Three of the more iconic brands in all of retailing had big changes last week – two involving new CEOs – as retail companies try to figure out how to fix their problems in what remains a troubling sector.

Two out of three of these retailers might have made smart moves: the third maybe not so much.

Let’s take Starbucks first. In a sudden and rather dramatic move, the latte-meisters fired their president of less than two years and replaced him with the guy who has been running Chipotle’s for the past six years, Brian Niccol. Starbucks has been struggling over the past few years, with assorted management changes (long-time leader Howard Schultz adding to the turmoil), union problems, pricing pushback, employee dissatisfaction and most of customer dissatisfaction over long waits to get caffeinated.

It’s a big checklist for Niccol who seems to have done a pretty good job at Chipotle, which was having its own food safety and customer issues when he got there. He’s led a dramatic upturn in business but according to reports, it’s come with some serious stock buybacks and a big paycheck for himself.

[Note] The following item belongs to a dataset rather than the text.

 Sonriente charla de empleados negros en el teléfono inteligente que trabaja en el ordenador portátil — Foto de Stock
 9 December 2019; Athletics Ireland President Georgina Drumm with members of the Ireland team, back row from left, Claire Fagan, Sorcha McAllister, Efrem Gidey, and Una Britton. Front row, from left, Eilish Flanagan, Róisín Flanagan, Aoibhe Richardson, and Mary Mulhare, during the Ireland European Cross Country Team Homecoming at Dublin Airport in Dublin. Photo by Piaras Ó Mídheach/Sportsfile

He’ll get an even bigger one at Starbucks — $100 million a year is what we read – and we wonder how that will go over if he’s forced to cut staff and dial back pay increases at Starbucks to get their finances into better shape. He seems like the right person for this job, just at a price that we wish was more acceptable.

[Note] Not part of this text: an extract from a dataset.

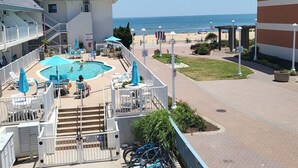 Un hotel con piscina, area salotto esterna e vista sulla spiaggia.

Victoria’s Secret is another retailer that once flew high but more recently has crashed as its sexification strategy has proven the wrong one for the times. They named Hillary Super – is that not the best name for a retail superstar?  — as CEO, coming over from the Rhianna brand Fenty. That got all the headlines but Super’s career is much more substantial, she ran Anthropologie and has a long list of retail brands on her resume.

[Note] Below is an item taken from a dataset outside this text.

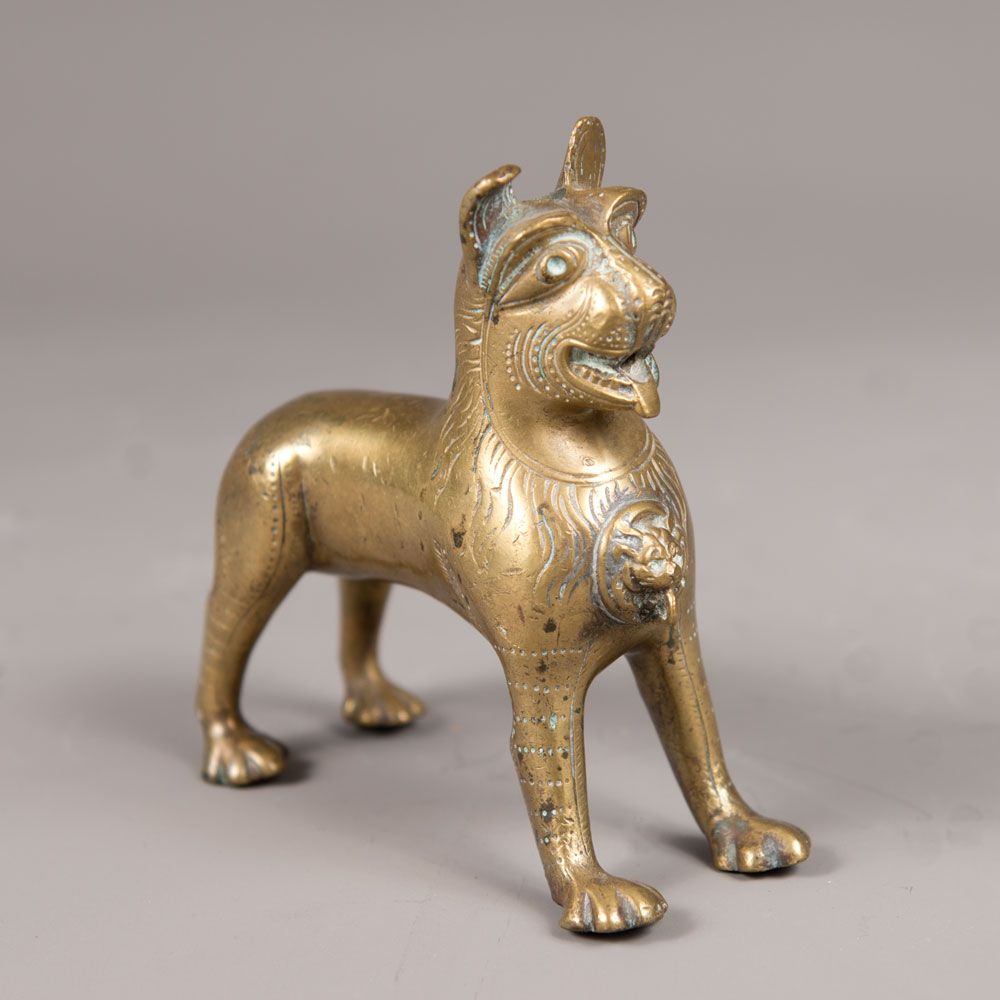 A bronze aquamanile A bronze Aquamanile, in shape of a beast, engraved and polis&hellip;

Like Niccol, she has her work cut out for herself. VC needs to find a new reason to exist and it needs to do so with a store fleet heavily situated in a lot of B and C shopping malls. At least her paycheck seems to be more reasonable.

Then there’s Nike, yet another brand that was a superstar but has hit the wall over the past few years with an ill-conceived strategy to cut out a lot of its third party distribution while competitors in the footwear and fashion business were getting their acts together.

Last week, private equity investor Bill Ackman announced he had bought a couple of million Nike shares through his Pershing Square company to the tune of about $330 million. One investor was quoted in a news report saying something to the effect “this is just that Nike needs now that Ackman is involved.”

Wrong. While Ackman has had some investment successes, let’s never forget how his meddling in JCPenney 15 years ago caused the company to lose 25% of its business in 18 months, eventually have to file for bankruptcy and all these years later still struggle to make itself right again. If he tries the same thing at Nike it won’t end well. Bill Ackman is the last thing Nike needs.

Retail roulette is a dangerous game. Sometimes you win…and sometimes you shoot yourself right between the eyes.